SOURCE MATERIAL =

********************

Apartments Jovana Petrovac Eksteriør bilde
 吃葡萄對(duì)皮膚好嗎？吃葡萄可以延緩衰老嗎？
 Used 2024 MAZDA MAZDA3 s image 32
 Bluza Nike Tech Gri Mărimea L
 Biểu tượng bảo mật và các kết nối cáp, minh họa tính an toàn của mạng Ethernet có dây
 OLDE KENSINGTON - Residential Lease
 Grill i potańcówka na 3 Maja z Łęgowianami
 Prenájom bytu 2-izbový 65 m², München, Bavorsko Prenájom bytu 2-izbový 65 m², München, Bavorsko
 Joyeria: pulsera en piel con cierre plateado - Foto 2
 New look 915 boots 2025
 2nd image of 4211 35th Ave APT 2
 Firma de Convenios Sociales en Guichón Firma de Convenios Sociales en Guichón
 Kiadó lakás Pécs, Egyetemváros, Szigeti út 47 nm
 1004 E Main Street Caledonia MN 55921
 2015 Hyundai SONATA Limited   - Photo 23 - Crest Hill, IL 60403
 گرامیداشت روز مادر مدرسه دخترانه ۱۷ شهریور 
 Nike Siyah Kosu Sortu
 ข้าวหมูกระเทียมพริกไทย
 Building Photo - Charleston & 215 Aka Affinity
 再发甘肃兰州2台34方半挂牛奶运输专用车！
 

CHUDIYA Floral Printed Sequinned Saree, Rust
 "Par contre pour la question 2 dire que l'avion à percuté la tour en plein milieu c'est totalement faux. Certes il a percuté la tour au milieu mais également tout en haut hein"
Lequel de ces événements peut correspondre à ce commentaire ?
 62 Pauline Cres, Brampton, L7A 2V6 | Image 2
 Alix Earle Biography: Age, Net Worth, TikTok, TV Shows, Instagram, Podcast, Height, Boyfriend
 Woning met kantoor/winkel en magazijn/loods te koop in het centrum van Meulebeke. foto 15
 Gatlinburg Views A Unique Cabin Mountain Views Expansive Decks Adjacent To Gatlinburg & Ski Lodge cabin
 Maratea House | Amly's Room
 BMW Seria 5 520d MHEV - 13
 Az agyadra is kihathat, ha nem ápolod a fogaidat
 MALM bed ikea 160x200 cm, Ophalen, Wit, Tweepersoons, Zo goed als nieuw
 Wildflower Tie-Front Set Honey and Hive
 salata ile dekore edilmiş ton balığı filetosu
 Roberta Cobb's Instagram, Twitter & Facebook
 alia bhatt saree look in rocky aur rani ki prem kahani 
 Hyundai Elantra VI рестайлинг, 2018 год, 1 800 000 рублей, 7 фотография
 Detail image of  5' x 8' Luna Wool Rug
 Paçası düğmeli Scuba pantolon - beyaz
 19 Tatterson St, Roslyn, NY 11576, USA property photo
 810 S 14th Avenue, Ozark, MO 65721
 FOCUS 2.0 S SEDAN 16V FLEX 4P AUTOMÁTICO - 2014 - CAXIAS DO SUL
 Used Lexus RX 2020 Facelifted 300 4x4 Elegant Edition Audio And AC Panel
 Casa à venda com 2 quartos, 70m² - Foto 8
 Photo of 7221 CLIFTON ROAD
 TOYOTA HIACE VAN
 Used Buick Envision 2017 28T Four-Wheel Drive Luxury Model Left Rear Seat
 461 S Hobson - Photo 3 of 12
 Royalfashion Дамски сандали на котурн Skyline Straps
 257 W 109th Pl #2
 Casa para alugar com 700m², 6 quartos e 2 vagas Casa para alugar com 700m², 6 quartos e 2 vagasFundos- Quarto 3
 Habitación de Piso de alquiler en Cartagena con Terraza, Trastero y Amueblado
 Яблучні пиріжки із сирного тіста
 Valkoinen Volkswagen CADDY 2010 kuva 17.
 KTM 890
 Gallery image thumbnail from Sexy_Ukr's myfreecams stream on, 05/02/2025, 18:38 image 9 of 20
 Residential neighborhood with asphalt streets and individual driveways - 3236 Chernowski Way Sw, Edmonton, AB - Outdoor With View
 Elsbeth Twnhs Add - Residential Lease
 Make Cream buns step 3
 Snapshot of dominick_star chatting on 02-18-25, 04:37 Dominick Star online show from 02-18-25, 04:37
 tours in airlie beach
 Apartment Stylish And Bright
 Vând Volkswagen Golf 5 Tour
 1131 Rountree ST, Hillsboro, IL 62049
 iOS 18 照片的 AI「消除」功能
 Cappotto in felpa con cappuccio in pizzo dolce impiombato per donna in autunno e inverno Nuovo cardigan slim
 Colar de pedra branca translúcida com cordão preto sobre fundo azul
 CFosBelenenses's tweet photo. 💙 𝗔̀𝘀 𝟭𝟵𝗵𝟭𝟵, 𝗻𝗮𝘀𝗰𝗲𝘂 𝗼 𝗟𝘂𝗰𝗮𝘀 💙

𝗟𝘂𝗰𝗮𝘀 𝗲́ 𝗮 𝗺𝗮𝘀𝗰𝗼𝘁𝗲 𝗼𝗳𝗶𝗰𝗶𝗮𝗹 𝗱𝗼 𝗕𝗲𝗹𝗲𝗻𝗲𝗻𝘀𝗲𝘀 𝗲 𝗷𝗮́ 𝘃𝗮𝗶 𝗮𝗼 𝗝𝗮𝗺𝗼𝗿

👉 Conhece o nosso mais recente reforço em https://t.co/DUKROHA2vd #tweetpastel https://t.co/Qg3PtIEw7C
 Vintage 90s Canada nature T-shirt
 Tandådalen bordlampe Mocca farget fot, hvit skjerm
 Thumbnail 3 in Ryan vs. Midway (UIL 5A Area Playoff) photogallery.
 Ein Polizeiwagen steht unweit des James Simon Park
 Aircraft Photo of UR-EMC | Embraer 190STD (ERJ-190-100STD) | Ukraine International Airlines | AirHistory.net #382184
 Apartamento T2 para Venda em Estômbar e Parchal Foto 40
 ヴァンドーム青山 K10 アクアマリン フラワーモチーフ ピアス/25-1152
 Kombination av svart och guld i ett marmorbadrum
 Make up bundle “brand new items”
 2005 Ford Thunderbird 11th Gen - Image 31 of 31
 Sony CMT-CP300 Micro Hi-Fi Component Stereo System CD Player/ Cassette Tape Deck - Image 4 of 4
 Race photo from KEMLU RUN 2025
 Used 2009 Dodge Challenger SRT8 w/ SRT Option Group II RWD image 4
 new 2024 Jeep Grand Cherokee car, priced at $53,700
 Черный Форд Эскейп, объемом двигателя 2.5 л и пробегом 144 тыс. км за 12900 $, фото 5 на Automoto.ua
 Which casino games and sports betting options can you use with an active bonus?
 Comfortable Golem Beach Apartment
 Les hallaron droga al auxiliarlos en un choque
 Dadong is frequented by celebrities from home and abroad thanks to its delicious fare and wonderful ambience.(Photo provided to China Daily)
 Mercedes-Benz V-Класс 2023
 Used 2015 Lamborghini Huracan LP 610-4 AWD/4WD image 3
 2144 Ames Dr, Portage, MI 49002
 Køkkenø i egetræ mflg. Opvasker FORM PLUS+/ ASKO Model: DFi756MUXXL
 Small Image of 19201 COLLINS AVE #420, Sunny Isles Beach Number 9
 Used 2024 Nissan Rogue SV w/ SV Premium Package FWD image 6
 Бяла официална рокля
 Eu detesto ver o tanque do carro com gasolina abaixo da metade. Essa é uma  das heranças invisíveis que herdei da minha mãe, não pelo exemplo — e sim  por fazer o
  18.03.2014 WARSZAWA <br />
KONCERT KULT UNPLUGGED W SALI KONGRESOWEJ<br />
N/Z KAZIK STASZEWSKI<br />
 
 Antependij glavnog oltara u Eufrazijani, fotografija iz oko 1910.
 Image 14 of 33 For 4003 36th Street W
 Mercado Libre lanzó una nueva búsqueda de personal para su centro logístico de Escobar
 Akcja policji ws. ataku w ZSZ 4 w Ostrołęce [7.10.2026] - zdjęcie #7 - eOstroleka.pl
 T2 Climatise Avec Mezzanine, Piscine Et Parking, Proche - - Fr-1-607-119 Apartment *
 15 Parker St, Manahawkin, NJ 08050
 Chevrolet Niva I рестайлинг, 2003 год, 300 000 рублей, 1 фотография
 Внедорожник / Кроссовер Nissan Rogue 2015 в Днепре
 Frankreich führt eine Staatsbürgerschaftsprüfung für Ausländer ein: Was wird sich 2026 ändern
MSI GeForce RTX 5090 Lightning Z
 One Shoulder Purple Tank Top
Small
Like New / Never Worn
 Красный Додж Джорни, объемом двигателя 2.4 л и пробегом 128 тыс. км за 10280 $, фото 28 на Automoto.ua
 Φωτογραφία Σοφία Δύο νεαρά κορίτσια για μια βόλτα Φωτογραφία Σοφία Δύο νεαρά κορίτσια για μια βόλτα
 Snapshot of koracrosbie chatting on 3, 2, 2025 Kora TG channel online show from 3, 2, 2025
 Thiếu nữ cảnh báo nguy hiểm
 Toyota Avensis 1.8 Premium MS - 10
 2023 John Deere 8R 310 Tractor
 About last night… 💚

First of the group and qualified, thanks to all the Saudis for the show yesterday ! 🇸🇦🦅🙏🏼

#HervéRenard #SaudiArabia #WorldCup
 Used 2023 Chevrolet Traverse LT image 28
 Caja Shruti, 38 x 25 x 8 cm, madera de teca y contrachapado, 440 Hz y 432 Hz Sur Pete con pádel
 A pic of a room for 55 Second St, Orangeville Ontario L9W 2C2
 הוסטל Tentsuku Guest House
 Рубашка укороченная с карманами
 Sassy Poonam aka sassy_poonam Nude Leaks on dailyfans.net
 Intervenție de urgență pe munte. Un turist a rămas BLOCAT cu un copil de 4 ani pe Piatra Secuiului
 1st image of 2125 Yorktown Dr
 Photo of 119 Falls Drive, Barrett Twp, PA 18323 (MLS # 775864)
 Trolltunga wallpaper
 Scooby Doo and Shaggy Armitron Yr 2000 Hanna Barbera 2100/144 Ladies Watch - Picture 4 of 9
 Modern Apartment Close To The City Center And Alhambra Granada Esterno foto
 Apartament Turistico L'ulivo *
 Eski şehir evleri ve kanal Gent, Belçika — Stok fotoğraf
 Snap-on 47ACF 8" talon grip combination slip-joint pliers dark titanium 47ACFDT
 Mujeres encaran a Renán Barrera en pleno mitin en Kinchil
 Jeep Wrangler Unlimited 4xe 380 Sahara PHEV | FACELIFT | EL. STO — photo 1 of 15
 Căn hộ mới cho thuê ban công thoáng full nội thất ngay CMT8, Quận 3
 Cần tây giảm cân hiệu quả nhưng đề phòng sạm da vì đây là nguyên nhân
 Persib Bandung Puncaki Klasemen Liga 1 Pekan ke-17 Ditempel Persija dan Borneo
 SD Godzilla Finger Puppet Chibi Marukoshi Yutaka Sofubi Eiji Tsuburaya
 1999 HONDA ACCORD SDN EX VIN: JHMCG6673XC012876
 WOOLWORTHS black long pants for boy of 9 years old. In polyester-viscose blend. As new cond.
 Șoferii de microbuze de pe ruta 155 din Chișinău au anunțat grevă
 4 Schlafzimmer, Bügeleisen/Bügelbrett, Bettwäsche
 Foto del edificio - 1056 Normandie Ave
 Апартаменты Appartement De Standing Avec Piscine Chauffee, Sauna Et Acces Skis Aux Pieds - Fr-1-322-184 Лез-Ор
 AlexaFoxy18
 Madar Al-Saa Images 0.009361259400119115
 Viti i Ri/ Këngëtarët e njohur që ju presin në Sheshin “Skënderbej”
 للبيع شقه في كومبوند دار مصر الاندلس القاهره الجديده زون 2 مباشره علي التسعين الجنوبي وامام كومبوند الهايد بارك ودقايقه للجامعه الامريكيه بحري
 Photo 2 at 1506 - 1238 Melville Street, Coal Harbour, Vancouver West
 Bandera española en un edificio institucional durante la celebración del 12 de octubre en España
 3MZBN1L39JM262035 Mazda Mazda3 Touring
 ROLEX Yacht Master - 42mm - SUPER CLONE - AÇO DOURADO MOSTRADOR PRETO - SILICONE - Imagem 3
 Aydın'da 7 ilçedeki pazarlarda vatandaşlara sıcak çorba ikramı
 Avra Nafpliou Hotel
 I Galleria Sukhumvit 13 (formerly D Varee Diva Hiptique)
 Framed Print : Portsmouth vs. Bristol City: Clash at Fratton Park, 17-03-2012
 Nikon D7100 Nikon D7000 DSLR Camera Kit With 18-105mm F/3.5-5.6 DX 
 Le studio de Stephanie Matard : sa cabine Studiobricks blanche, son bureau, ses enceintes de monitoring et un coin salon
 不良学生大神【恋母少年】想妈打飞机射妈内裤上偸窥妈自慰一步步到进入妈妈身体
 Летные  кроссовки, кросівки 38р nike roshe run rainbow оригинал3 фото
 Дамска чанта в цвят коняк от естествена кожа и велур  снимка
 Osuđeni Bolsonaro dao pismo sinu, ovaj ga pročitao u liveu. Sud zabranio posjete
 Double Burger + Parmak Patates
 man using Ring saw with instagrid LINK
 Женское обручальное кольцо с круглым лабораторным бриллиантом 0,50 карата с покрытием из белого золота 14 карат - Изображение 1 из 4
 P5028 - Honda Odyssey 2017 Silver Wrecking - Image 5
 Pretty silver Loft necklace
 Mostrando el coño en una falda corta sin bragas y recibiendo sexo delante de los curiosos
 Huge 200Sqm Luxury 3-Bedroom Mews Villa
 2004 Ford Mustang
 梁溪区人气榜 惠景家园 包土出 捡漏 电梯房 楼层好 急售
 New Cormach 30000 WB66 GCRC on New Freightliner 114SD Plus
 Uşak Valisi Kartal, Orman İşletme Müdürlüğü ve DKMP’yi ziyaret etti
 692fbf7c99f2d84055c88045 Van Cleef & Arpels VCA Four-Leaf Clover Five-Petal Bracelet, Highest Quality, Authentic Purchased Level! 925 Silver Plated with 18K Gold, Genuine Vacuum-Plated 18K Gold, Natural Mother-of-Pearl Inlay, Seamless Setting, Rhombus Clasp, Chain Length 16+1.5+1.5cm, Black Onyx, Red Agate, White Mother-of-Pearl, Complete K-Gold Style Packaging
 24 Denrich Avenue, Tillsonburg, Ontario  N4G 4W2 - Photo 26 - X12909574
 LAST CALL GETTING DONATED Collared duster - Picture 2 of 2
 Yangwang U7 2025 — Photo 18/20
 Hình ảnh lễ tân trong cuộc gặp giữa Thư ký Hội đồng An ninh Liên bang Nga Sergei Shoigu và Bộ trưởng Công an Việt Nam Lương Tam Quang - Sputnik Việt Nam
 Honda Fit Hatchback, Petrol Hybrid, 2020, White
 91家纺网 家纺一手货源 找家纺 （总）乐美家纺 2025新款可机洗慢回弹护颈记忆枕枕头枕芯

********************

ASSIGNMENT =
Your reply must contain the line with "Osuđeni Bolsonaro dao" and each later line of the material, word for word, and nothing else.

ANSWER BELOW =
 Osuđeni Bolsonaro dao pismo sinu, ovaj ga pročitao u liveu. Sud zabranio posjete
 Double Burger + Parmak Patates
 man using Ring saw with instagrid LINK
 Женское обручальное кольцо с круглым лабораторным бриллиантом 0,50 карата с покрытием из белого золота 14 карат - Изображение 1 из 4
 P5028 - Honda Odyssey 2017 Silver Wrecking - Image 5
 Pretty silver Loft necklace
 Mostrando el coño en una falda corta sin bragas y recibiendo sexo delante de los curiosos
 Huge 200Sqm Luxury 3-Bedroom Mews Villa
 2004 Ford Mustang
 梁溪区人气榜 惠景家园 包土出 捡漏 电梯房 楼层好 急售
 New Cormach 30000 WB66 GCRC on New Freightliner 114SD Plus
 Uşak Valisi Kartal, Orman İşletme Müdürlüğü ve DKMP’yi ziyaret etti
 692fbf7c99f2d84055c88045 Van Cleef & Arpels VCA Four-Leaf Clover Five-Petal Bracelet, Highest Quality, Authentic Purchased Level! 925 Silver Plated with 18K Gold, Genuine Vacuum-Plated 18K Gold, Natural Mother-of-Pearl Inlay, Seamless Setting, Rhombus Clasp, Chain Length 16+1.5+1.5cm, Black Onyx, Red Agate, White Mother-of-Pearl, Complete K-Gold Style Packaging
 24 Denrich Avenue, Tillsonburg, Ontario  N4G 4W2 - Photo 26 - X12909574
 LAST CALL GETTING DONATED Collared duster - Picture 2 of 2
 Yangwang U7 2025 — Photo 18/20
 Hình ảnh lễ tân trong cuộc gặp giữa Thư ký Hội đồng An ninh Liên bang Nga Sergei Shoigu và Bộ trưởng Công an Việt Nam Lương Tam Quang - Sputnik Việt Nam
 Honda Fit Hatchback, Petrol Hybrid, 2020, White
 91家纺网 家纺一手货源 找家纺 （总）乐美家纺 2025新款可机洗慢回弹护颈记忆枕枕头枕芯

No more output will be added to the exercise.